France and the in-form Antoine Griezmann go in to Sunday’s Euro 2016 final searching for the country's third successive tournament win on home soil. But Cristiano Ronaldo and his Portuguese teammates stand in their way.

After their Euro 1984 and World Cup 1998 wins, French coach Dider Deschamps, who captained the World Cup winning side as well as the one which won Euro 2000, leads a side who are strong favorites to lift the trophy. But he admits to being concerned about the influence of Portugal’s captain.

"If there's an anti-Ronaldo plan, no-one's found it," Deschamps, who has a fully fit squad to choose from, told a press conference at Stade de France near Paris on Saturday.

"He's a really great player with athletic quality, particularly in the air. He really hangs in the air -- those chocolate squares (abdominal muscles) don't count for nothing.

"In football, the most difficult things to fight against are pace and aerial ability. It will be important to remain attentive and restrict his influence."

Ronaldo started the tournament in subdued fashion, much like his team, but has improved, culminating in a match-winning display against Wales in the quarterfinal, where he scored the first and made the second in a blistering three minute spell that knocked Wales out.

Griezmann still chasing the big two

But France have their own emerging superstar to call on. Antoine Griezmann, who scored a brace in France’s semifinal win over Germany, looks a near certainty for both the Golden Boot and Player of the Tournament but Deschamps said he isn’t yet on Ronaldo’s level.

"Antoine is still a young player, even if he has had a very great season. Ronaldo has been at the summit for seven or eight years. There are two men in for the Ballon d'Or - it's between him and Messi," he said.

Griezmann is a certainty to play, though his starting position is less clear. Deschamps started the tournament with three central midfielders and Griezmann and Dimitri Payet in the wide positions in a 4-3-2-1.

Deschamps was forced to tweak his formation when holding midfielder N’Golo Kante was suspended for France’s quarterfinal win over Iceland. Kante did not return for the semifinal as Deschamps stuck with Moussa Sissoko on the right hand side and Griezmann through the center of a 4-2-3-1 but, after Germany’s dominance of possession in the first half on Thursday, the France boss has something of a selection quandry.

Portugal coach Fernando Santos also has a decision to make, with Real Madrid center back Pepe fit again after a thigh complaint forced his absence from the win over Wales. The Brazilian-born 33-year-old is likely to replace Bruno Alves.

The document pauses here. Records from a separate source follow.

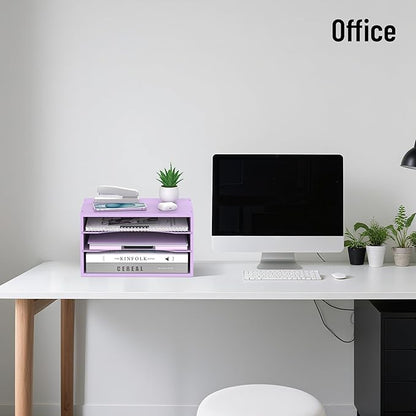 Wood Desk Organizer, 3 Tier Paper Tray Organizer for Desk with Adjustable Storage Shelves, Desktop File Organization Paper Sorter Mail Holder for Office Home Classroom, Purple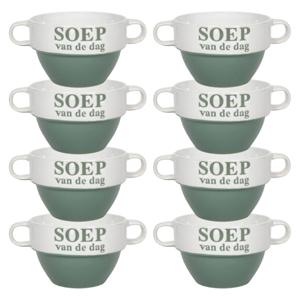 Soepkommen - 8x - Soep van de dag - keramiek - D12 x H8 cm - groen - Stapelbaar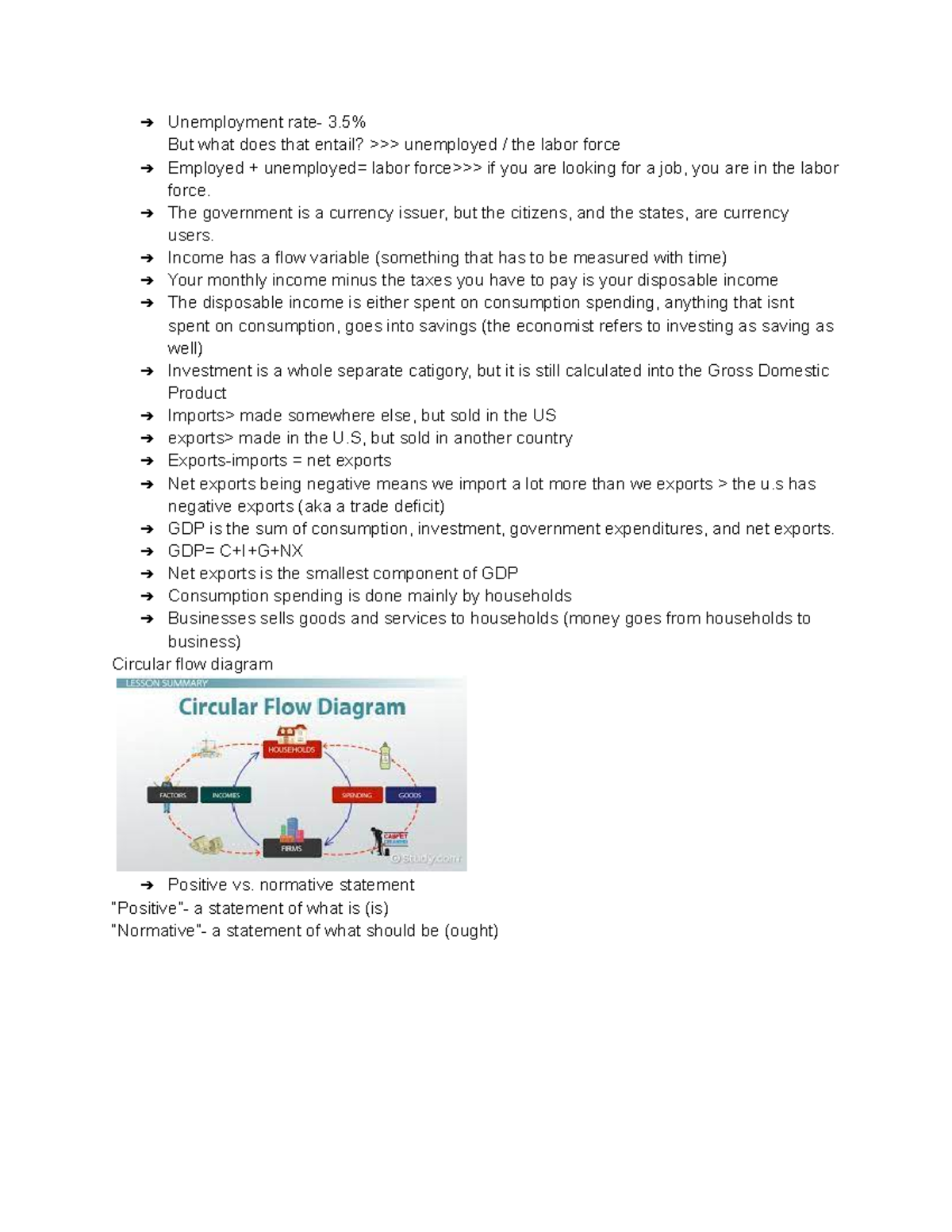 Econ notes 1 19 - reviews the unemployment rate, normative and positive ...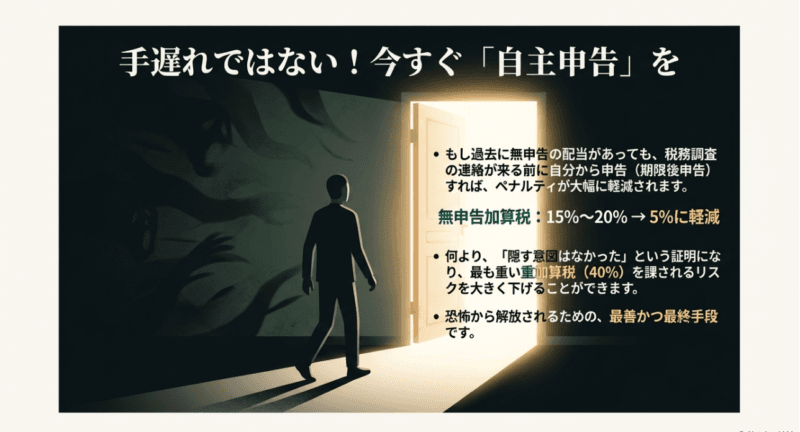 税務調査前に自主申告することで無申告加算税や重加算税のリスクを軽減できる解説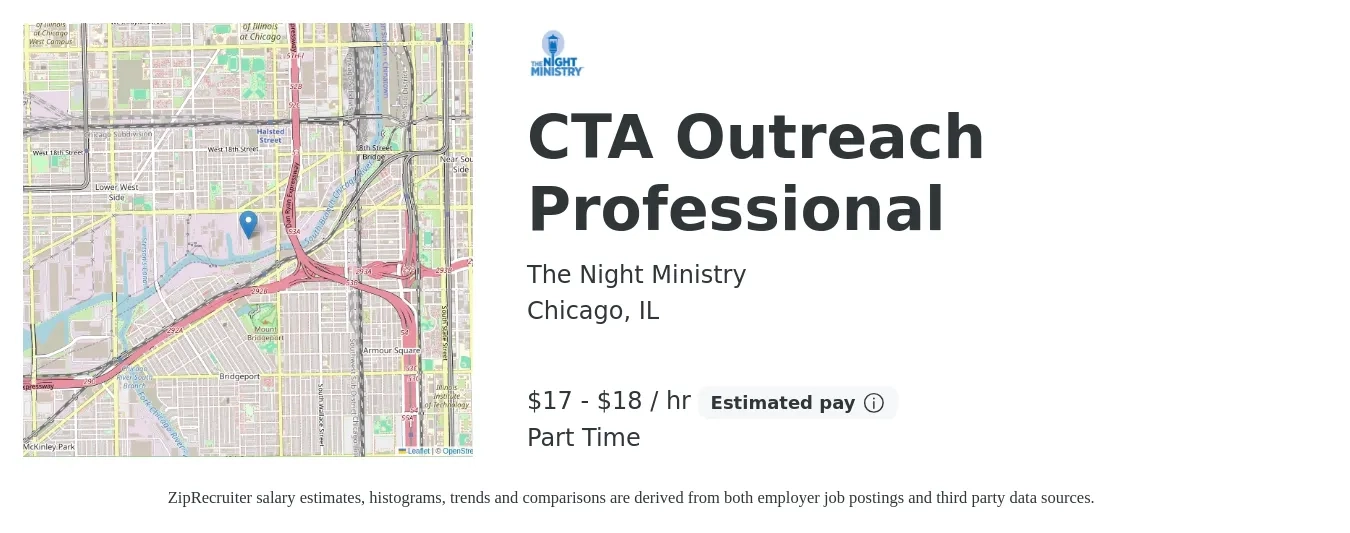 The Night Ministry job posting for a CTA Outreach Professional in Chicago, IL with a salary of $18 to $19 Hourly with a map of Chicago location.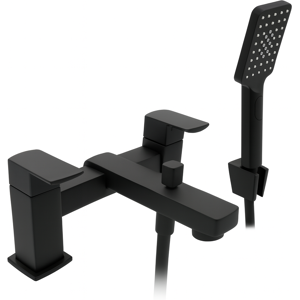 Evg Clever Manta Bath & Shower Mixer Tap Black - Modern Square Design Evg Clever Manta Bath & Shower Mixer Tap Black - Modern Square Design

Santos spoke highly of his opponents:

"There is pressure. We have that experience from 2004 (when they lost to Greece in a home Euros final). But the France players are playing at home and they're very experienced," Santos told reporters on Saturday.

"Their players play in the best teams and they are used to very intense games. Some of them played in the Champions League final."

More than just a final for the hosts

Confidence in the French camp is high, with their win against Germany confirming their improvement in the knockout stages after a shaky start. For goalkeeper and captain Hugo Lloris, the side’s run to the final has given the country "an escape" after the horror of last November's Paris attacks that left 130 people dead.

"We're even prouder to be on the pitch (than normal), to feel the entire French population behind us, to feel this happiness which is shared between the players and the French people," the Tottenham Hotspur stopper said.

"That gives us strength and is lovely to see. But we still have that final step to take to finish this competition in the best possible fashion. The French people really needed to escape via this competition, and sport has this strength: to unite people.

"We are currently experiencing that. We still have one step to take, the hardest one, but one that's worth it."

The final kicks off at 9pm CET at the Stade de France, just north of Paris.